Meski
mendapatkan bully dari jagad masyarakat di sosial media lantaran
sikapnya yang lamban, akhirnya mahasiswa bergerak juga. Di awali dengan
demonstrasi yang dilakukan Badan Eksekutif Mahasiswa (BEM) Universitas Brawijaya
(Unibraw) di Malang Jawa Timur dan BEM
se-Jawa Barat (16/3/15), akhirnya BEM Universitas Indonesia (UI) mulai bergerak
melakukan unjuk rasa memprotes kebijakan-kebijakan Presiden Jokowi. Mereka
menilai dalam satu tahun ini kondisi
Indonesia semakin memprihatinkan. Di tandai dengan naiknya harga BBM, Tarif
Dasar Lintrik, Pajak yang tinggi, dan hukum yang carut-marut.
Mahasiswa
sebagai ‘kaum elit’ dinilai lamban dalam mengontrol kebijakan pemerintah. Ketika
mendapatkan tekanan dari publik baru mereka bergerak. Rupanya di era gadget
saat ini kontrol publik terhadap kebijakan pemerintah cukup efektif. Namun yang
di sayangkan adalah mengapa yang menjadi sasaran bully justru kaum
mahasiswa?. Akankah ini pertanda bahwa mahasiswa semakin luntur sensitivitasnya?
Dalam
perjalanan sejarah, mahasiswa selalu berada
di garda terdepan yang membawa panji-panji perubahan. Lihatlah mahasiswa-mahasiswa
Hindia Belanda (sekarang Indonesia) di awal abad 20, meski mereka terlahir dari
keluarga berada (Priyayi) dan dididik dengan gaya barat yang kental dengan
muatan kapitalistik, akan tetapi mereka mempunyai semangat yang tinggi
membebaskan masyarakat dari kungkungan kebodohan yang sistemik walaupun harus
kita akui ada juga mahasiswa yang pro status kuo. Bukan hanya bermodal
semangat saja, mereka berdebat tentang konsep Indonesia di masa yang akan
datang.
Mereka
menyadari posisi masyarakat Hindia Belanda ternyata tidak sejajar dengan
bangsa-bangsa lain di dunia. Dengan bekal pengetahuannya, mereka ingin merintis
suatu perubahan. Pada tahun 1908 Boedi Utomo (BU) berdiri sebagai organisasi
pelopor yang memunculkan kesadaran pentingnya persamaan derajat antar bangsa.

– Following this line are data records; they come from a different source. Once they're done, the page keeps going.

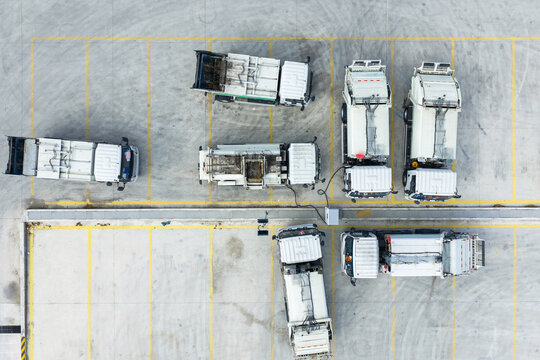 Aerial view of electric sanitation truck charging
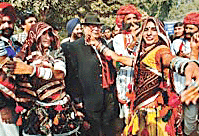 The Punjab Governor, Lieut-Gen J.F.R. Jacob (retd), enjoys dholamaru dance of Rajasthan after the inauguration of Chandigarh Carnival in Leisure Valley, Sector 10, on Saturday.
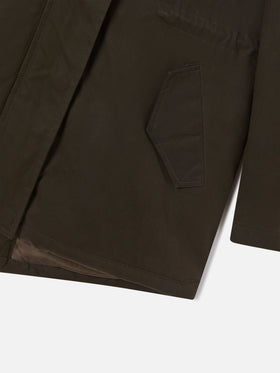 Parka Brenna verde militare in tessuto cerato con cappuccio in effetto pelliccia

Bung Hatta bahkan mengatakan meskipun gerakannya hanya meliputi Jawa dan Madura
namun BU ibarat lonceng yang mempelopori lahirnya kesadaran nasional. Terlalu
besar arus yang harus mereka lawan sehingga gerakan BU belum menyentuh ranah
politik, hanya menyentuh ranah pendidikan, kesehatan, dan kebudayaan.
Setiap zaman memang memiliki
semangat dan tantangan yang berbeda. Apalagi generasi yang lahir di era cyber
saat ini dibesarkan oleh mimpi-mimpi iklan Mereka terbiasa hidup dan makan
enak, di tambah sistem pendidikan kita yang akhir-akhir ini masih terjebak arus
kapitalistik. Sehingga jika tidak dibenahi bangsa kita akan minus mahasiswa
yang berkualitas. Di sinilah tantangannya apakah sistem pendidikan yang
diberikan kepada mereka selama ini hanya menjadikan mereka sebagai manusia yang
pandai bekerja (alat produksi) ataukah menjadikan mereka sebagai manusia yang kritis?.
Sebagai kaum yang mendapatkan akses pendidikan lebih dari rakyat kebanyakan,
sejatinya merekalah yang memiliki sensitivitas yang tinggi mengawal kebijakan
pemerintah ke depan dengan segala konsep-konsep yang mereka pelajari di kampus.
Mahasiswa bukan hanya sekadar “tukang pukul” yang siap dipakai atau ditunggangi
oleh kepentingan-kepentingan pragmatis kelompok tertentu. Apalagi di era
keterbukaan ini mereka tidak akan kesulitan untuk mendapatkan dukungan civil
society (masyarakat sipil) melalui jejaring sosial media. Mahasiswa adalah
kaum intelektual yang di masa depan menjadi tonggak perubahan dengan bekal konsep
yang matang. Ada sebuah ungkapan: “munculnya gerakan penindasan pada waktu yang
sama akan melahirkan gerakan perlawanan”. Tentunya di masa yang akan datang
akan muncul generasi-generasi baru yang siap bergerak mengantisipasi lahirnya penindasan.